Calculate confidence intervals in Python
Setup
# Import libraries
import numpy as np
import pandas as pd
import seaborn as sns
import matplotlib.pyplot as plt
%matplotlib inline
sns.set(rc={'figure.figsize':(9,6)})
Generate population data
# Generate normal distributed data
np.random.seed(222)
df = pd.DataFrame({'value': np.random.normal(loc=40, scale=10, size=10000)})
# Plot histogram and mean (in green)
sns.distplot(df);
plt.xlim(10, 70)
plt.axvline(df.mean()[0], color='darkslateblue');
# Check actual mean and standard deviation
df.describe().head(3)
| value | |
|---|---|
| count | 10000.000000 |
| mean | 40.015843 |
| std | 9.936291 |
Generate sample
# Random sample
sample_df = pd.DataFrame(np.random.choice(df['value'], 50))
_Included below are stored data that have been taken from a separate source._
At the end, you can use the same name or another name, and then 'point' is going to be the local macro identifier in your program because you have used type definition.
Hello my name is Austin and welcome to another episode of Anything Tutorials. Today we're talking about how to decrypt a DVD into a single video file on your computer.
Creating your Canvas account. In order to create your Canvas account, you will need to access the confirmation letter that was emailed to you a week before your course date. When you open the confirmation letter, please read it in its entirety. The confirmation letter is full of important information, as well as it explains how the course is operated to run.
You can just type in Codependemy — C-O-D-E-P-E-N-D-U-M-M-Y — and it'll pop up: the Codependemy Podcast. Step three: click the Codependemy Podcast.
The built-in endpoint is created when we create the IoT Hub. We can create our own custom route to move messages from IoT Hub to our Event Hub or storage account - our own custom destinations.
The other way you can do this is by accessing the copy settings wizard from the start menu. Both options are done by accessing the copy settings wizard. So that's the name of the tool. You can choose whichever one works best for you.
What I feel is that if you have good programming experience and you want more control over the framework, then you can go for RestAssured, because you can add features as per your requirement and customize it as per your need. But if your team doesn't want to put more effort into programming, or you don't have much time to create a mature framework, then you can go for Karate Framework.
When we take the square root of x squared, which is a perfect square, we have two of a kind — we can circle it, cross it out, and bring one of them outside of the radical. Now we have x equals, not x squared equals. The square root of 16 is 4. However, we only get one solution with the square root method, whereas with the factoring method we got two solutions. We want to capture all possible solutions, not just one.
# Plot sample distribution
sample_df.describe().head(3)
| 0 | |
|---|---|
| count | 50.000000 |
| mean | 41.321748 |
| std | 9.948352 |
Calculate confidence interval
The confidence interval formula is: \(\bar{x}\pm z*\frac{\sigma}{\sqrt{n}}\)
where:
- \(\bar{x}\) is the sample mean
- \(z\) is the z-score
- \(\sigma\) is the sample standard deviation
- \(n\) is the sample size
# Calculate confidence interval
x_bar = sample_df.mean()[0] # Sample mean
sigma = sample_df.std()[0] # Standard deviation
n = len(sample_df) # Sample size
z_score = 1.96 # Z-score for 95% two-sided interval
ci = [x_bar - z_score * sigma / np.sqrt(n), x_bar + z_score * sigma / np.sqrt(n)]
ci
[38.564205758105565, 44.07929074221945]
# Plot histogram and true population mean
sns.distplot(df, hist=False);
plt.xlim(10, 70)
plt.axvline(df.mean()[0], color='darkslateblue')
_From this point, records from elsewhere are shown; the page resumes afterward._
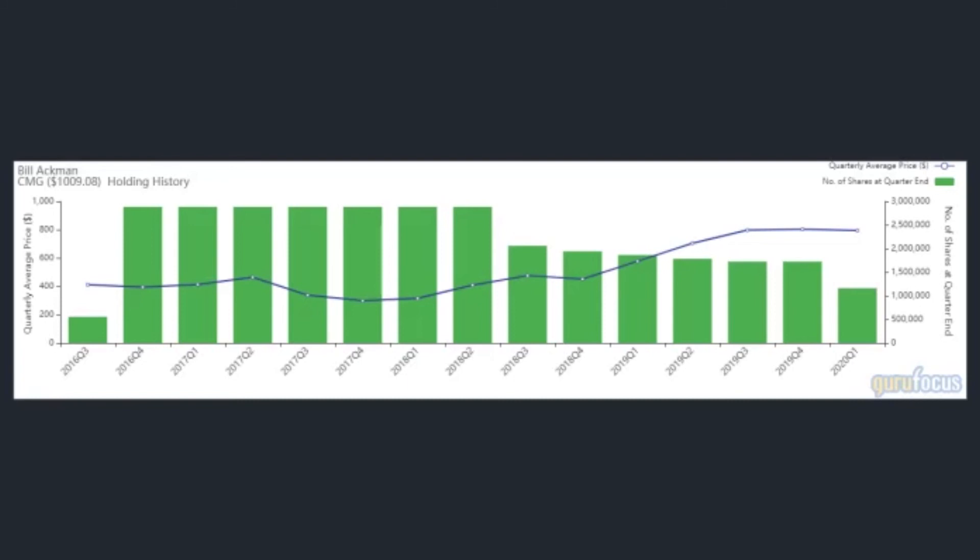During the quarter, shares traded for an average price of $794.62 each. GuruFocus estimates he has gained 93% on the investment since establishing it in the third quarter of 2016.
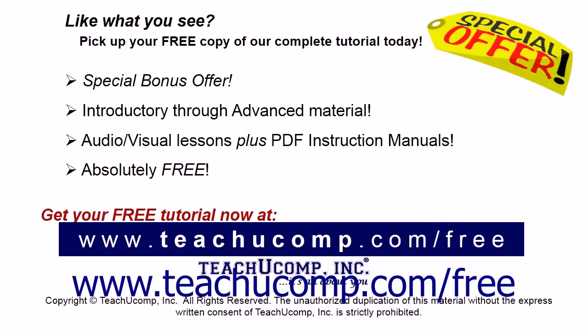Like what you see? Pick up your free copy of the complete tutorial at www.teachucomp.com forward slash free.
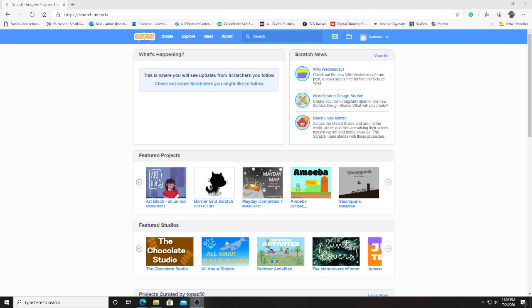In this video, we're going to be making a Flappy Bird clone in Scratch. So without further ado, let's get started.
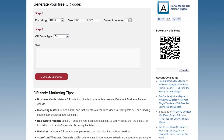To create a basic QR code, step one. Encoding: use the default setting, UTF-8. Size: choose a size up to 500 by 500 pixels. QR codes are square, so choosing dimensions that are not square will produce a QR code with border space. Correction level: use the default level, L.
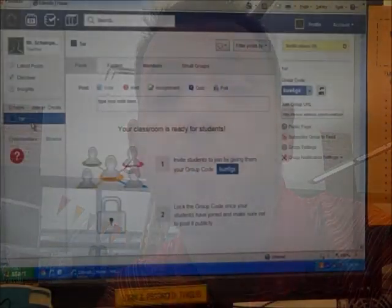Thinking about flipping your classroom? Try Edmodo.com. I've tried YouTube, I've tried other blogs, I've tried everything. But Edmodo.com makes it by far the easiest and most student-friendly way to flip your classroom.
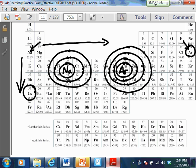Now, electron affinity — I don't think the AP exam is going to focus on that much. Here's a quick definition: it's basically the exact opposite of ionization energy. If ionization energy is how much energy it takes to pull an electron away from an atom, electron affinity is how much energy an atom gives off when you give it an electron. It's basically just the flip side of ionization energy.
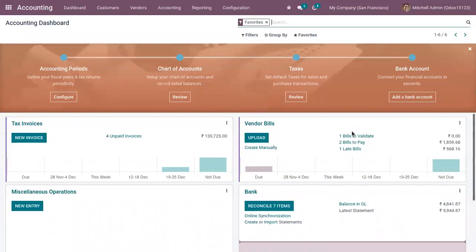At the end of the fiscal year, we will have to transfer the closing balance of the current year as an opening balance for the new financial year. In this video, let's see how we can set opening balance in Odoo 15.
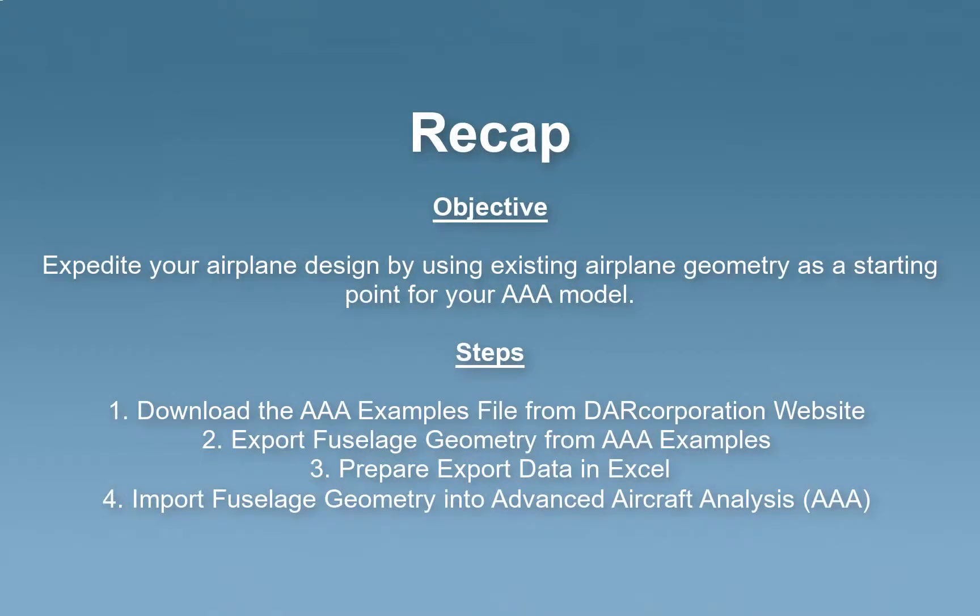To summarize, using the airplane examples on our website can expedite your airplane design by using existing airplane geometry as a starting point for your AAA model.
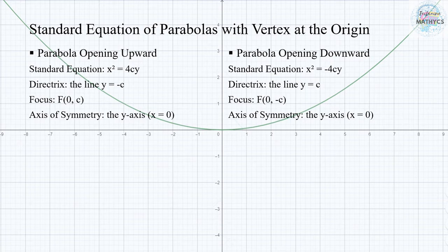A parabola opening downward has an equation of x squared equals negative 4Cy, with the directrix at line y equals C, its focus is at (0, negative C), and the axis of symmetry is at the y-axis where x equals 0.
# Plot sample mean and confidence interval
plt.axvline(x_bar, color='orange', linestyle='--')
plt.axvspan(ci[0], ci[1], alpha=0.3, color='gold');
The plot above shows the population actual distribution with a mean of 40.01, as well as the sample mean (41.32) and a 95% confidence interval of [38.56, 44.08].